====== Records shown ======
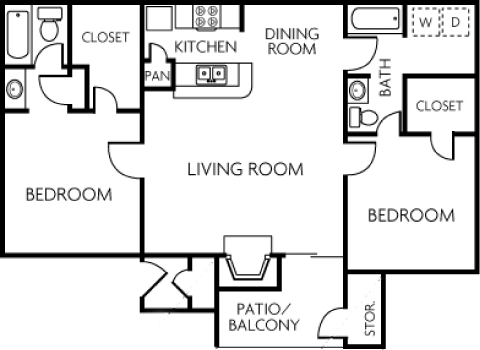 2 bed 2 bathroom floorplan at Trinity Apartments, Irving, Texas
======
====== Records shown ======
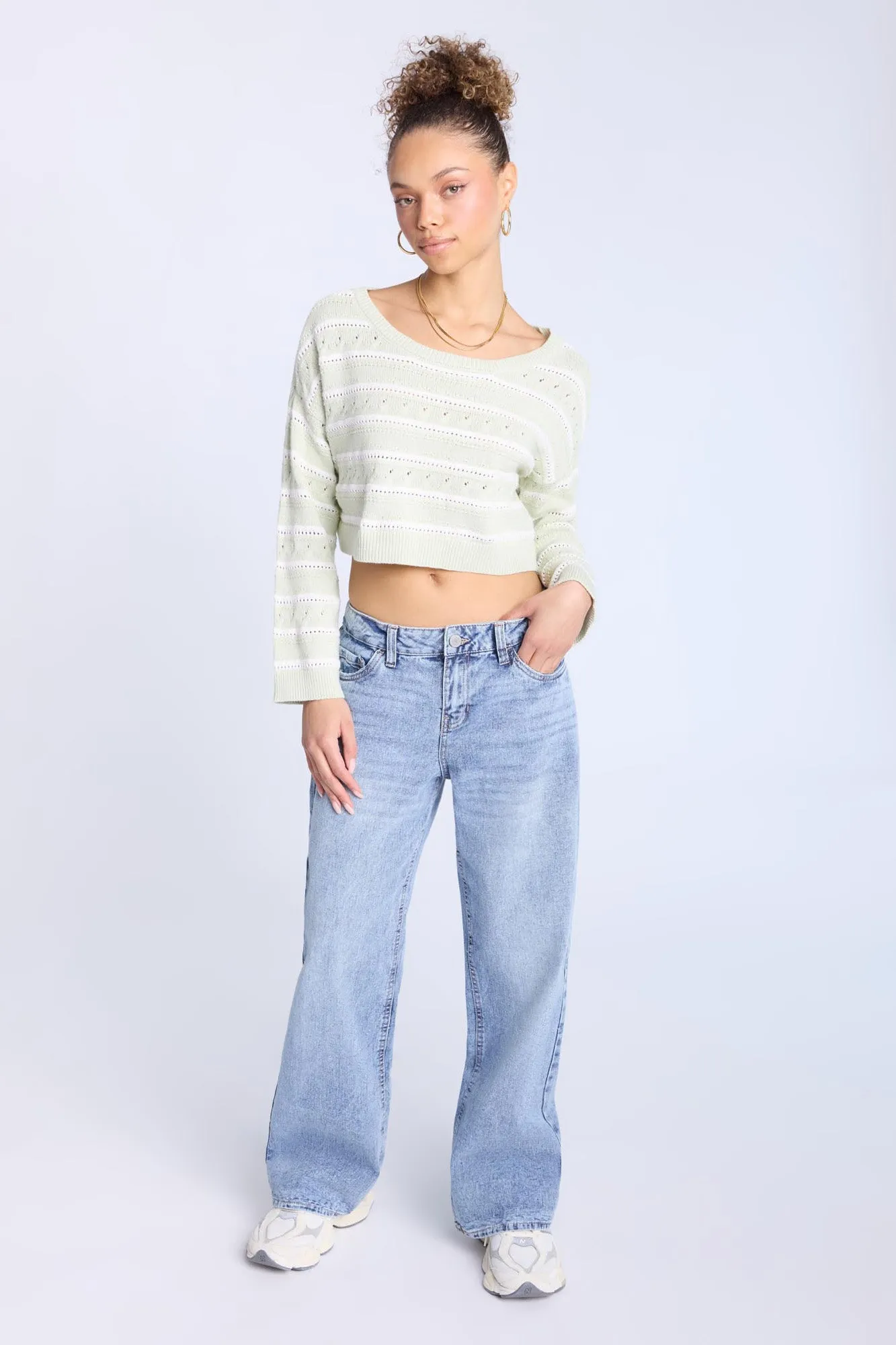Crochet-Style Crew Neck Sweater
======
====== Records shown ======
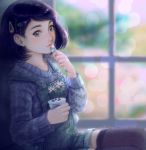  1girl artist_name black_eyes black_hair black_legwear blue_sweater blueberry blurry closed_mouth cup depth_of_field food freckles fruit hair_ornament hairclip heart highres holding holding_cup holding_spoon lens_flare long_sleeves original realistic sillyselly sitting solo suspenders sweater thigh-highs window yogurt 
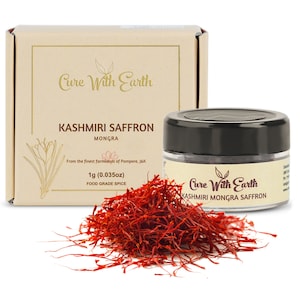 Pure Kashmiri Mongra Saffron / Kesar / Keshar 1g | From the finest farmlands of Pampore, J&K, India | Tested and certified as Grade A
======
Work task
Print exactly the lines above that run from the one with "1girl artist_name black_eyes" to the one with "Pure Kashmiri Mongra", both included. No pictures.

Answer section
  1girl artist_name black_eyes black_hair black_legwear blue_sweater blueberry blurry closed_mouth cup depth_of_field food freckles fruit hair_ornament hairclip heart highres holding holding_cup holding_spoon lens_flare long_sleeves original realistic sillyselly sitting solo suspenders sweater thigh-highs window yogurt 
 Pure Kashmiri Mongra Saffron / Kesar / Keshar 1g | From the finest farmlands of Pampore, J&K, India | Tested and certified as Grade A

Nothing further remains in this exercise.